Whether it is teaching that the Bible is a scrapbook or that water expresses emotions, professors and speakers at Point Loma make an effort to help us question things, inviting us to know things for ourselves, rather than regurgitate a worldview that isn’t necessarily our own.
In the spring semester of my second year at Point Loma, I experienced grueling challenges in my faith. I remember my prior beliefs—cultivated by my small private fundamentalist Christian high school in Boring, Oregon (yes, Boring is the name of the town)—constantly being called into question as I was challenged in discussions, both in the classroom and by a friend. But the real icing on the cake was when the ASB Director of Spiritual life came out.
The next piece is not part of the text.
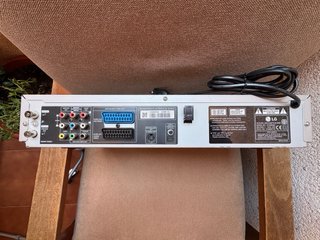 Combo Reproductor DVD y VHS LG VCX8806M Functional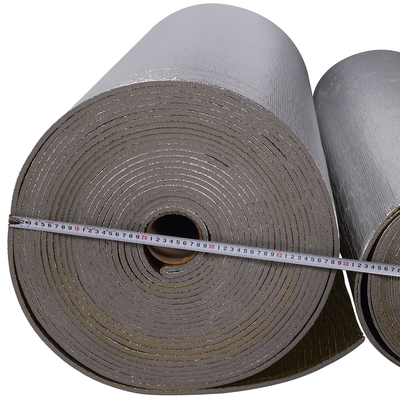 Espuma auta-adhesivo del aislamiento de calor de la construcción con el lado del papel de aluminio uno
By the end of the semester, my beliefs had been sufficiently and effectively called into question. Unfortunately, that’s where it left me: faithless, godless, and broken. Challenges arose from all directions, but there was no hospitable environment for me to wrestle with beliefs.
Being gay on Point Loma’s campus made this process exceptionally difficult. How am I to reconcile my faith when a key contributor to my belief system is the “hush-hush” topic on the campus? It’s like Point Loma seems to think everyone else is living in less sin than I am, making my sexuality a fault. When I was eight-years-old, it wasn’t a fault that I liked the shirtless men in the movies instead of busty women. When I was twelve-years-old, it wasn’t a fault that while holding Hayley’s hand, I secretly wanted to kiss Jake instead.
When something—a truth—is discovered to be applicable to one’s life beyond a superficial level, people grow as individuals. Those experiences allow the questions of our hearts—wrought out of who we are—to be directly addressed. Without them, these central questions of our lives remain ignored. And as Christians, we are called to be without ignorance.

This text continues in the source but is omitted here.